Monday, Nov. 08, 1926

Parliament's Week

The Commons--

P:Convened for the sixth time to extend for the sixth time the Emergency Powers Act made necessary by the coal strike (TIME, May 10 et seq).

P:Heard Secretary for Mines Lane-Fox ominously declare: "It may be necessary for the Government to fix the price of coal in order to stop profiteering. But it will be better if we can avoid it in view of the probability of an early collapse of the coal strike."

P:Heard Premier Baldwin admit in the course of debate that Laborite Prohibitionist Dr. Alfred Salter was very nearly correct when he declared that many Right Honorable Members are habitual drunkards (TIME, Oct. 28).

P:Defeated, 247 to 95, a motion to refer Dr. Salter's charges to the Committee on Privileges, which would have meant an individual investigation of the alleged Right Honorable drunkards.

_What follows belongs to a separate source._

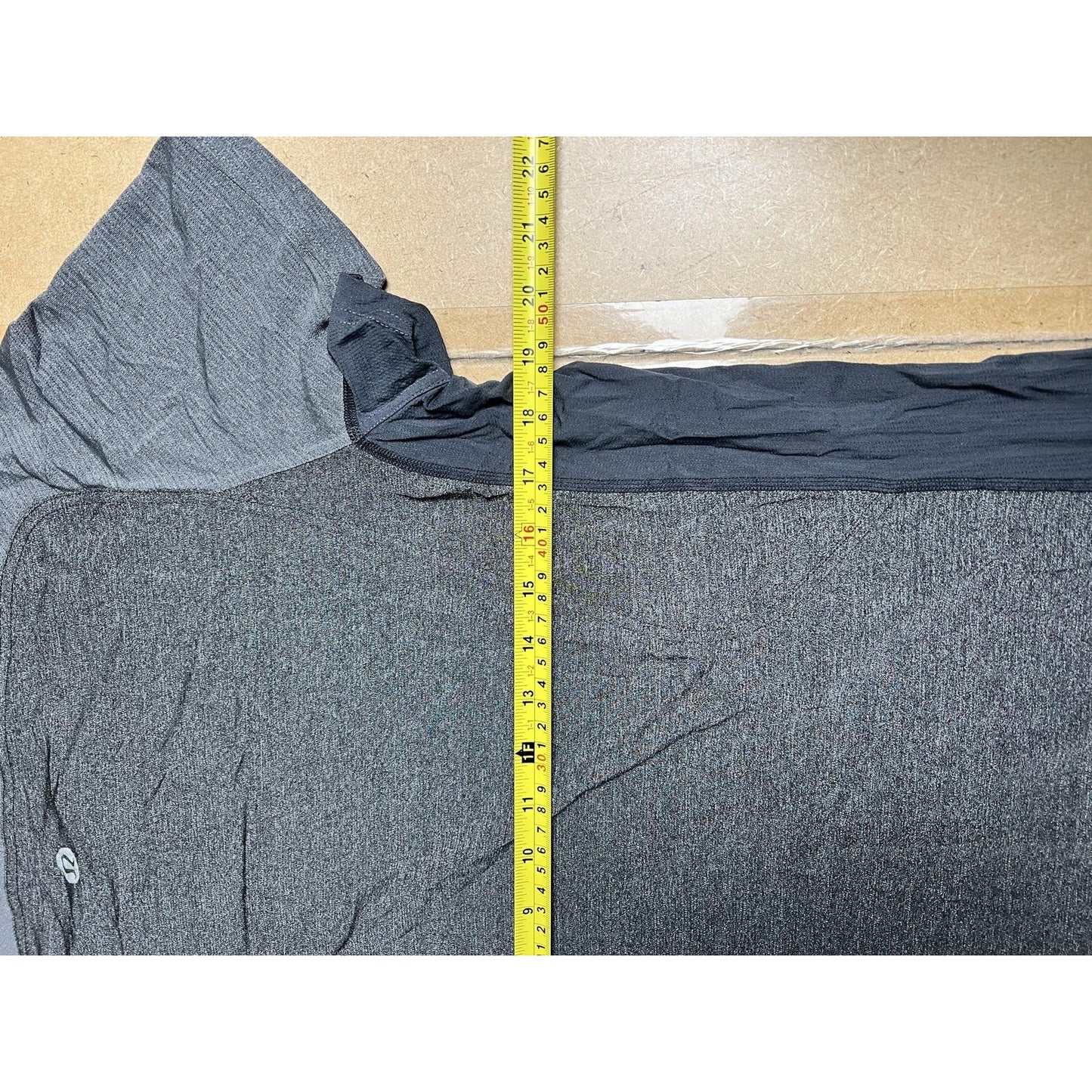 Lululemon Shirt Mens M Gray Polyester Blend Athletic Moisture Wicking Tagless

P:Finally passed a motion of censure upon Dr. Salter for committing "gross libel on the members of the House and a gross breach of privilege."

P:Were informed that 270;000 of the 1,000,000 miners called on strike have drifted back to work. During the week, efforts to reach a compromise between miners and owners were begun through private channels by both Governor Montagu Norman of the Bank of England and Chairman Arthur Pugh of the Trades Union Council.

P:Lieutenant Commander the Honorable Joseph Montague Kenworthy (heir to the ninth Baron Strabolgi), long a famed bulwark of Georgian Liberalism, grew so vexed at last with Mr. Lloyd George that he bolted without warning into the Laborite ranks of onetime (Jan.-Nov. 1924) Premier Ramsay Macdonald.

The Lords--

P:Listened with a general air of disapprobation as "Labor Peers" Lord Sydney Arnold and Lord Charles Parmoor deplored what they deemed the excessive readiness of the police to deal harshly with strikers. An example cited was the refusal of the police at Wombwell, Yorkshire, to allow President Herbert Smith of the Yorkshire Miners' Association to address a crowd of 3,000 strikers.